Sometimes it is easy to miss the federal court opinions that involve car crash cases because you just do not expect to see them there. Probably 1% of the car accident cases that we handle end up in federal court – although probably 20% of our truck accident cases get removed to federal court.
Anyway, you are paying me for a reason; I just found an interesting bad faith claim decided last week – Hughes v. Progressive – involving our friends at Progressive. It is an interesting case with a bad outcome that may very well show up on my students’ Insurance Law exam in December.
The plaintiff is broadsided by another car, driven by the defendant (insured by Progressive Insurance and later ends up being plaintiff’s use plaintiff). Plaintiff sues the defendant in state court in Baltimore City. Plaintiff also sues GEICO for uninsured – really underinsured – motorist coverage benefits. The defendant had a $100,000 per accident policy with Progressive which, sadly, is the Cadillac of Progressive’s policies.
Progressive does exactly what I always complain that Progressive does: they jerk you around, refusing to settle by offering its policy limits, and then finally tendering the limits after talking tough for a year. It must be in their adjuster’s manual.
Progressive sent out a pay-to-play letter (learn more here) to GEICO, who did not respond within 60 days after receipt of notice as required by Maryland insurance law (§ 19-511) if it wishes to retain its subrogation rights. But, somehow, GEICO later claimed it had responded by email. The Baltimore City trial court found that the email amounted to proper notice as a matter of law under §19-511.
The plaintiff tried the case and got a $725,000 verdict against GEICO and the defendant. GEICO had $500,000 in coverage. So, the defendant owed the balance to the plaintiff. So the plaintiff and defendant hug it out and join forces. Plaintiff, as defendant’s assignee or use plaintiff, filed a bad faith complaint against Progressive in Baltimore City Circuit Court. Specifically, the plaintiff alleged that Progressive fought for the defendant in this case “with the vigor and energy of a 10th grader in study hall detention.”
Okay, I may have made up that quote. They should have said that. But that is the gist: Progressive, plaintiff contended, was not getting in there and mixing it up to fight for the defendant.
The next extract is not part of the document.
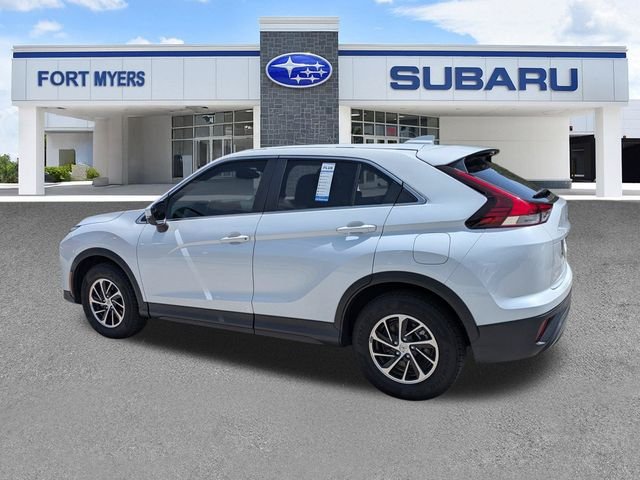 Used 2022 White Mitsubishi ES image 7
Instead, they were just hanging around to make sure the case was worth the $100,000 and otherwise just went through the motions.
I bet it happened just like that. But Judge Catherine C. Blake found that all Progressive really has to do is offer its policy limits to settle prior to trial to avoid bad faith, dismissing as a matter of law the plaintiff’s “unreasonable delay” argument. The court cited Sobrus v. Lumbermens Mutual Casualty for the proposition that there is no liability even where the insurance company offers its policy limits in a settlement on the courthouse steps. I’m not sure that is actually Maryland law as opposed to a federal court’s opinion of Maryland law 37 years ago.
I really think this is a bad law. It allows insurance companies to leave their insureds out to dry by not settling the case when it knows it should offer the policy.
What about this scenario? Progressive refused to settle. Plaintiff puts up thousands of dollars in nonrefundable money. Progressive than offers the policy and the plaintiff says too late. All the evidence is that a reasonable insurance company should have known the case was worth more than the policy limits. Plaintiff gets a huge verdict, and the defendant owes the plaintiff a lot of money. Shouldn’t this be bad faith? For the life of me, I can’t figure out why it would not be bad faith. But following the logic of this opinion, Progressive or any other insurance company can do just that and get away with it.